How to train post-filters
Please check Getting started with recipes and Overview of NNSVS’s SVS first.
NNSVS v0.0.3 and later supports an optional trainable post-filter to enhance the acoustic model’s prediction. This page summarizes how to train post-filters.
Warning
As of 2022/10/15, I concluded that GV-post filter works better than trainalbe post-filters in most cases. Please consider using GV-post filter insteaad.
Note
The contents in this page is based on recipes/conf/spsvs/run_common_steps_dev.sh
.
Also, before you make your custom recipes, it is recommenced to start with a test recipe recipes/nit-song070/dev-test
.
Pre-requisites
Input/output of a post-filter
Input and output of a post-filter are as follows:
Input: acoustic features predicted by an acoustic model
Output: enhanced acoustic features
Note that post-filters do not use delta and delta-delta features. If your acoustic model’s output contains delta and delta-delta features, the parameter generation algorithm (a.k.a. MLPG) is performed to prepare input/output features for post-filters.

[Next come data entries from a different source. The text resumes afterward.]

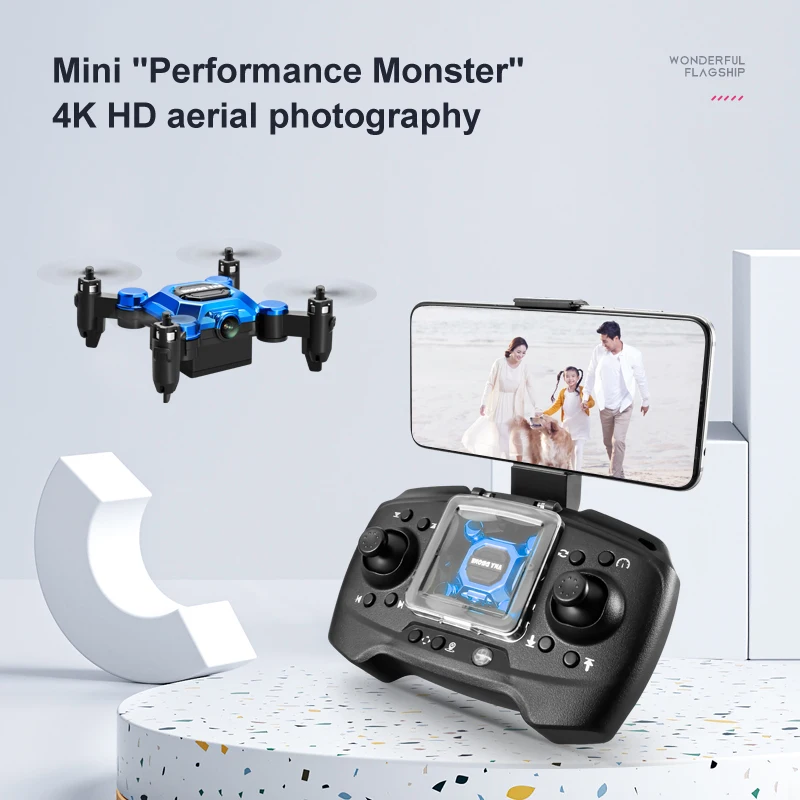 Drone Multispectral - K04 ミニ折りたたみ式収納航空機 ミニドローン 空撮 高画質ドローン 4k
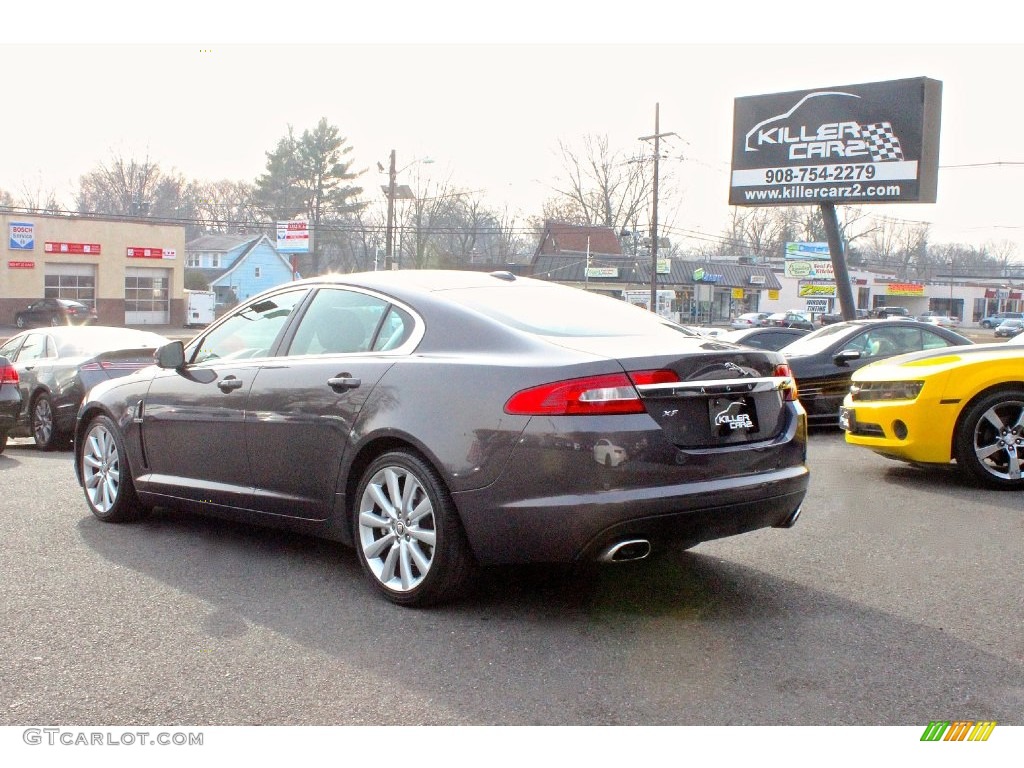 2010 XF Premium Sport Sedan - Lunar Grey Metallic / Warm Charcoal photo #5
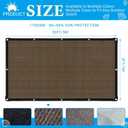 CroBlissful 1 Pcs 3' x 30' Brown Balcony Privacy Screen Fence Cover, Heavy Duty 170 GSM Privacy Screen with Grommets & Zip Ties, Breathable Mesh Fence for Patio Deck Backyard Porch, Railing Shield 90%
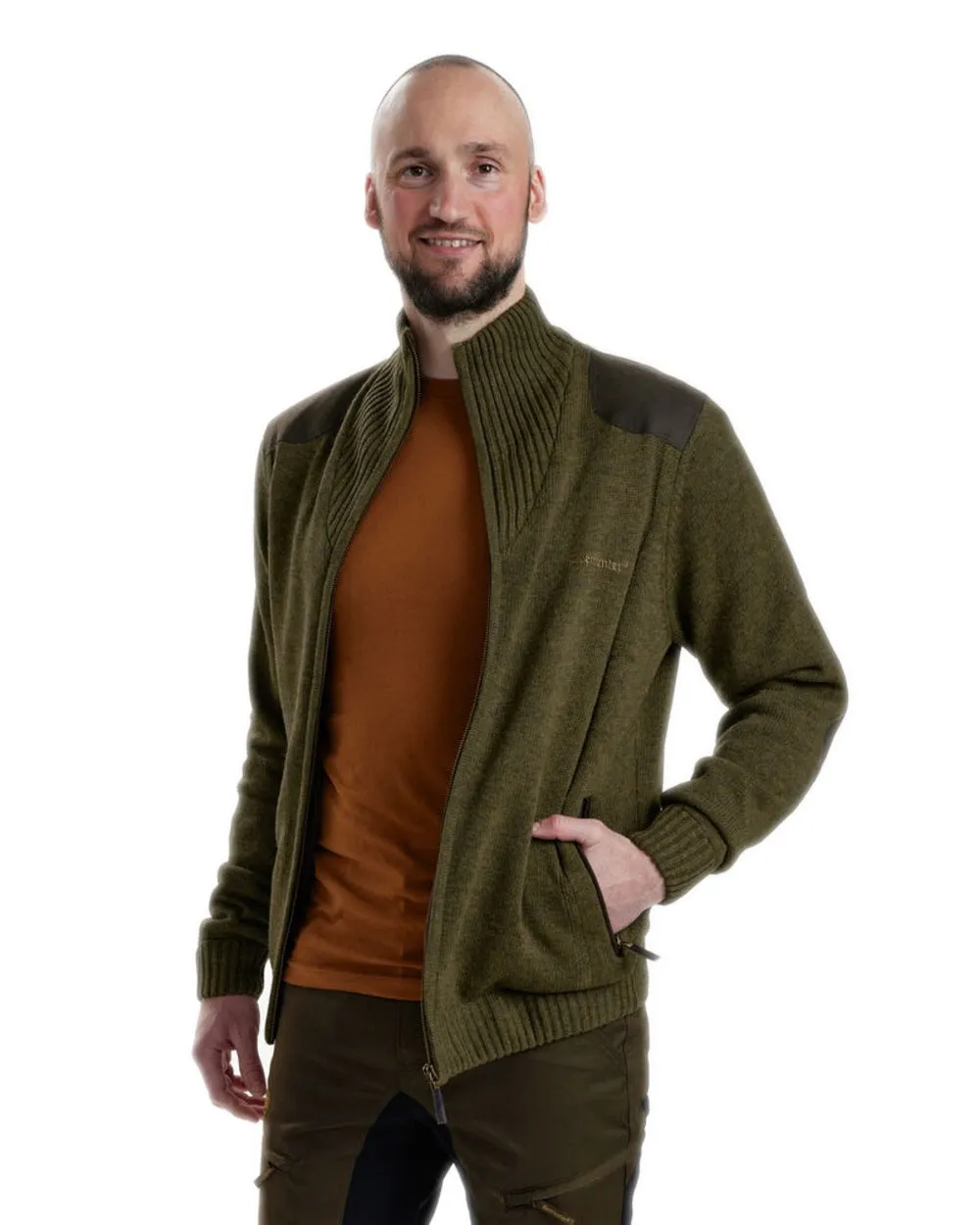 Deerhunter Carlisle Knit Cardigan With Stormliner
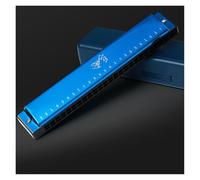 Armonica A Bocca Professionale Armonica Polifonica A 24 Fori In Tonalità Di Do Strumento Di Livello Professionale Per Principianti(Blue)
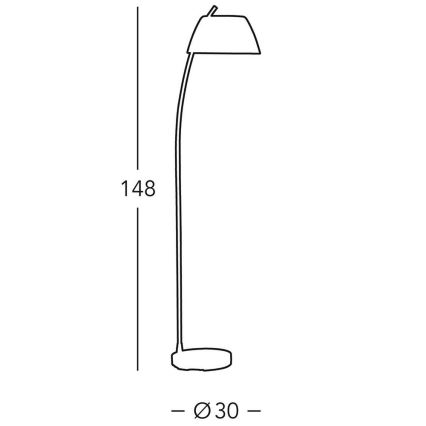 Kolarz 0051.41.6 - Gulvlampe MALMÖ 1xE27/60W/230V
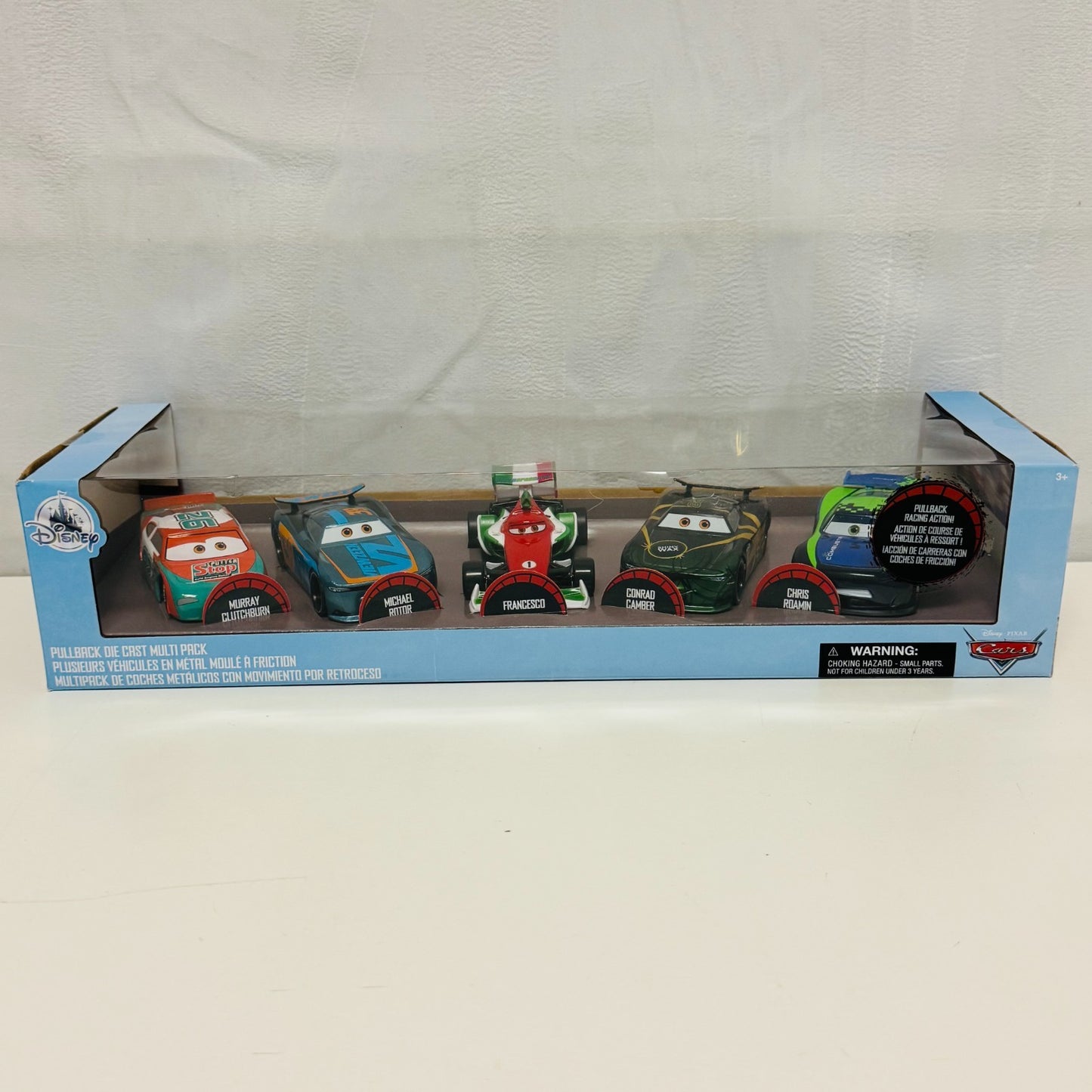 Disney Pixar Cars - 5-PK MURRAY FRANCESCO CONRAD CHRIS Disney Store 1:43 Diecast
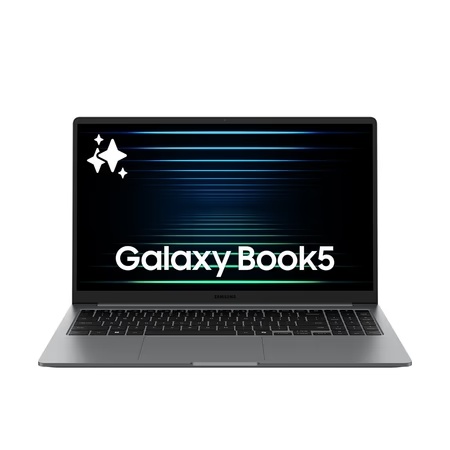 Samsung Galaxy Book5 NP750XHD-KD1IN Standard Laptop (AI enabled Intel Core Ultra 5 225U/16 GB/512 GB/Intel Graphics/Windows 11 Home/MS Office Home & Student 2024, Galaxy Ecosystem Apps/Full HD), 39.62 cm - 15.6 inch, Gray
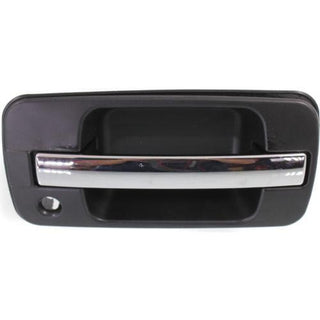 1998-2002 Isuzu Trooper Front Door Handle RH, Outside, Chrome, Black.
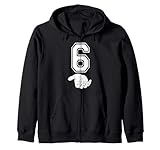 Number 6 Matching 67 Meme Halloween Costume Men Women Kids Zip Hoodie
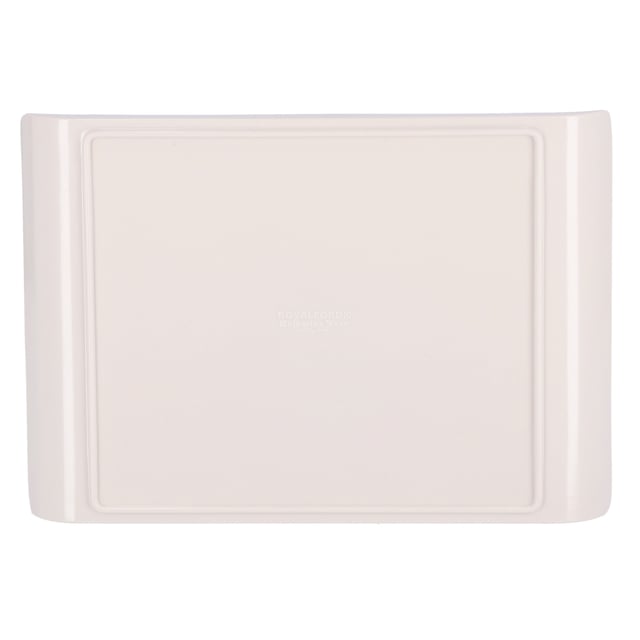 صينية تقديم بمقابض مريحة رويال فورد  Royalford Melamine Boat Serving Tray With Wide Handles (22.9X16.0X1.3Cm)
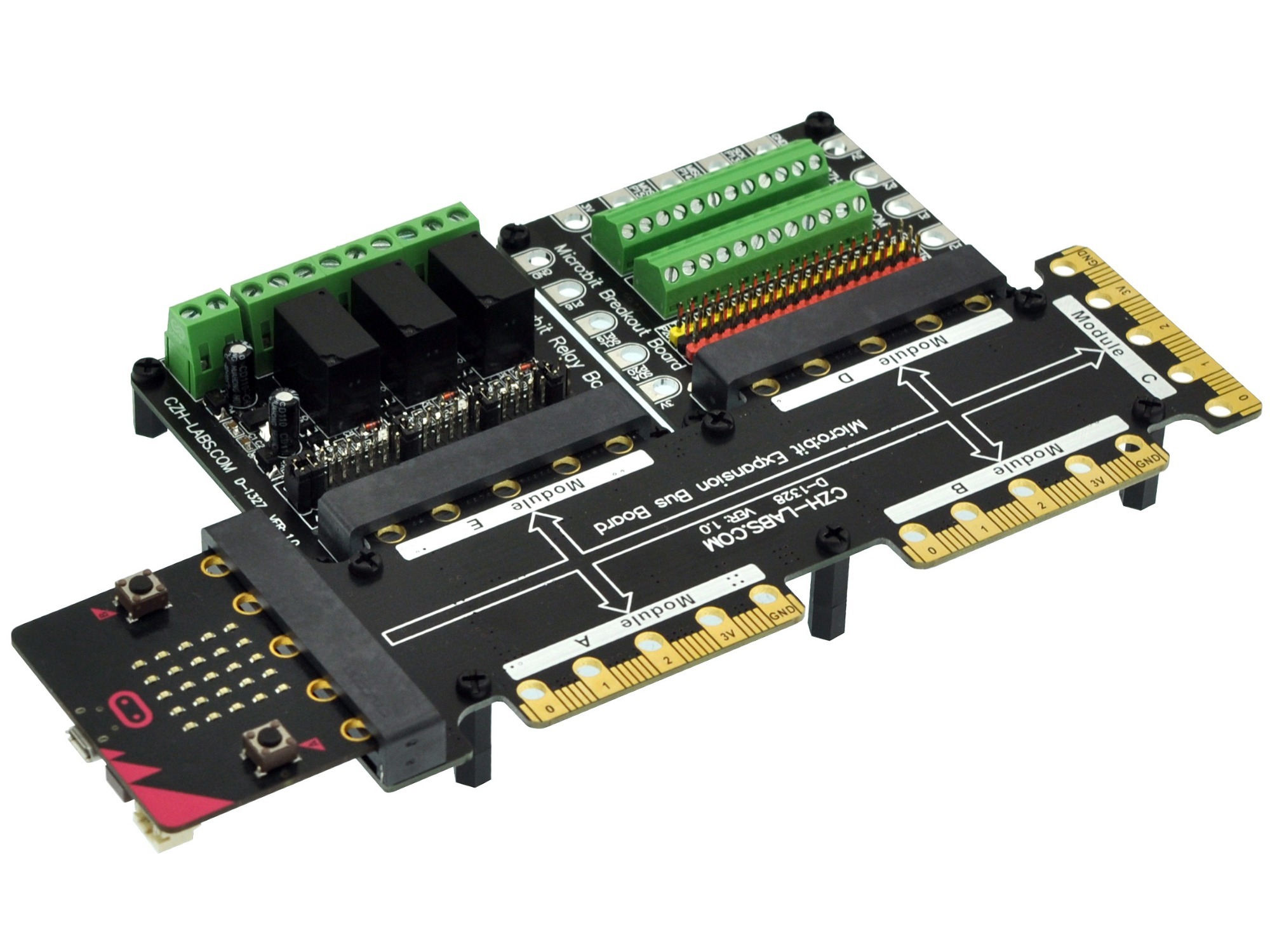 Expansion Bus Board for BBC micro:bit, Microbit Buss Board.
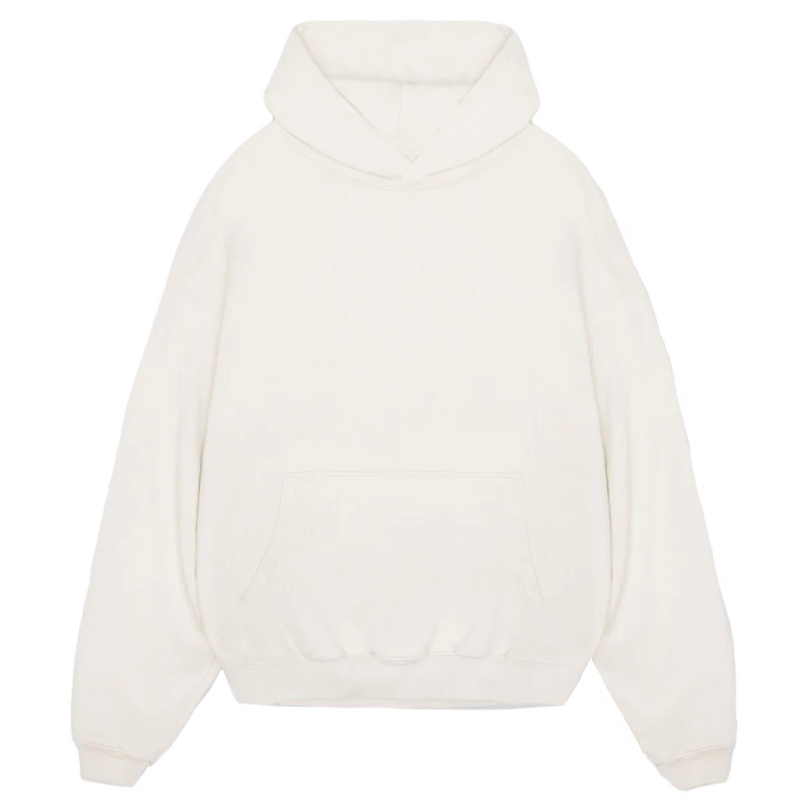 Plain white oversized sales hoodie
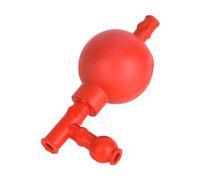 BAFOVY Premium Rubber Suction Bulb, Efficient Suction, Controlled Absorption, Prevents Solution Leakage, Easy to Use, 3 Openings, Red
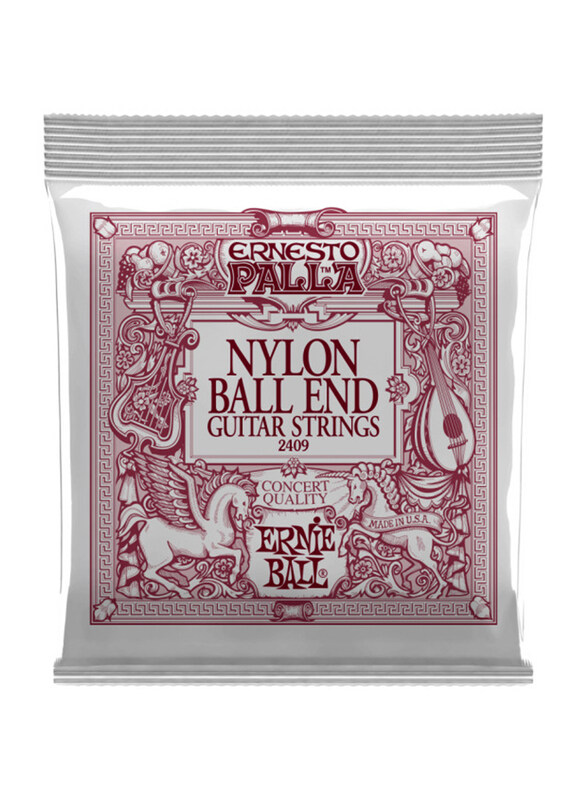 

Ernie Ball Ernesto Palla Classical Guitar Treble String, P02409, Black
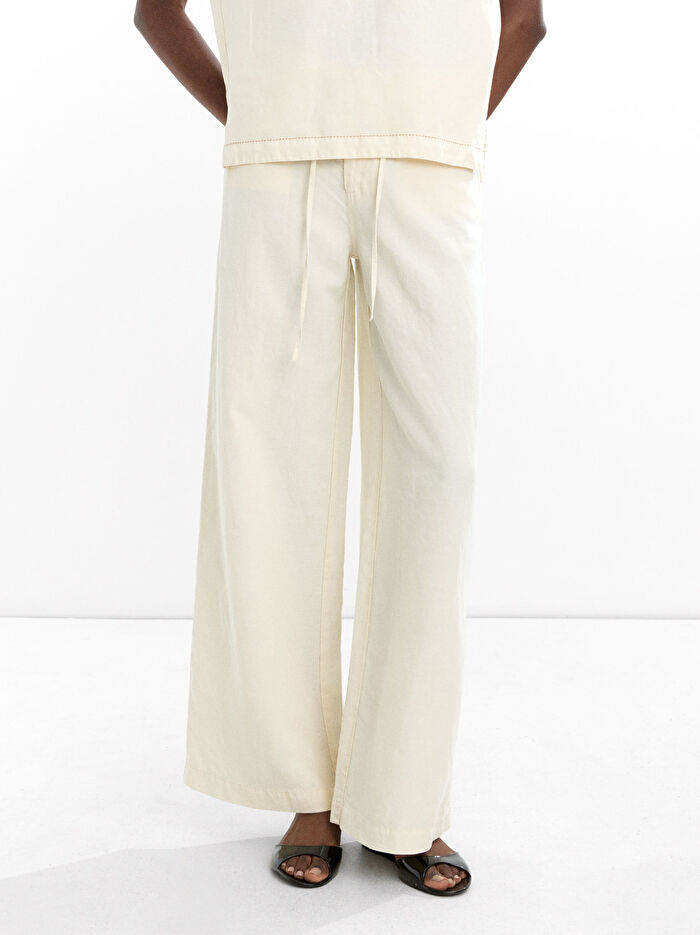 Keten Karışımlı Pantolon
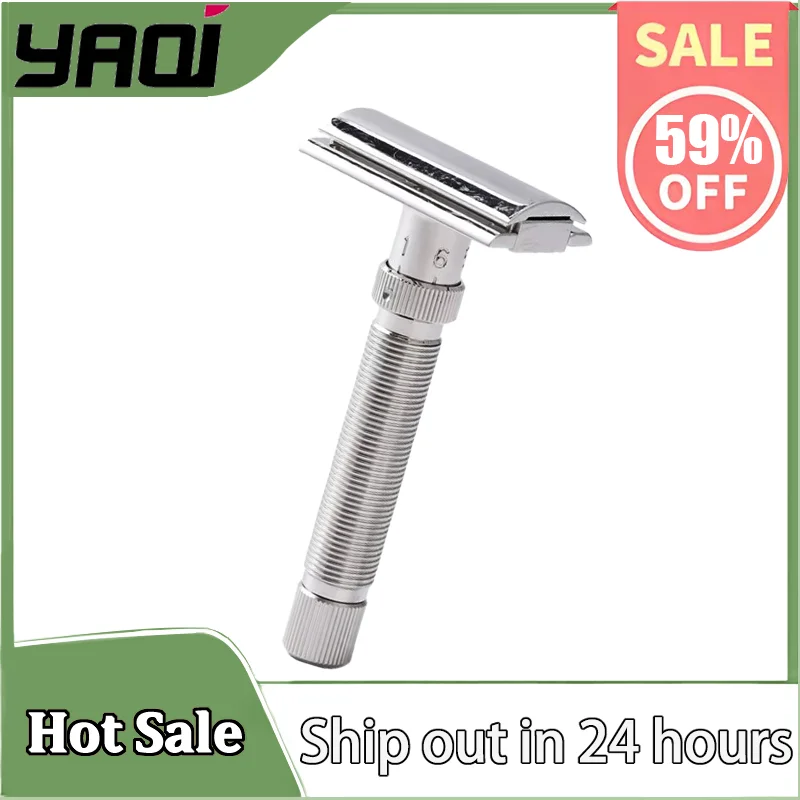 YAQI Ultima Professional Stainless Steel Adjustable Safety Razor - for Precision Shaving, Barber - Luxury Grooming Essentials
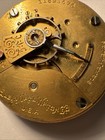Elgin 7 Jewels  18 Size  Pocket Watch Movement      item123pw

You must train an acoustic model first
You must train an acoustic model first since the input of a post-filter depends the output of an acoustic model. Furthermore, please be aware that you need to re-train a post-filter whenever you re-train your acoustic model. Therefore, it is highly recommended to train a good acoustic model before training a post-filter.
Train a good acoustic model first
It is better to train a good acoustic model. This is because the post-filter is trained on the features predicted by the acoustic model. If the acoustic model’s prediction is not accurate enough, the post-filter is likely to have a bad performance.
In addition to the steps described in Getting started with recipes, the following are the steps related to post-filters.
Stage 7: Prepare features for post-filter
Once your acoustic model is ready, you can run the stage 7 to prepare input and output features for training post-filters.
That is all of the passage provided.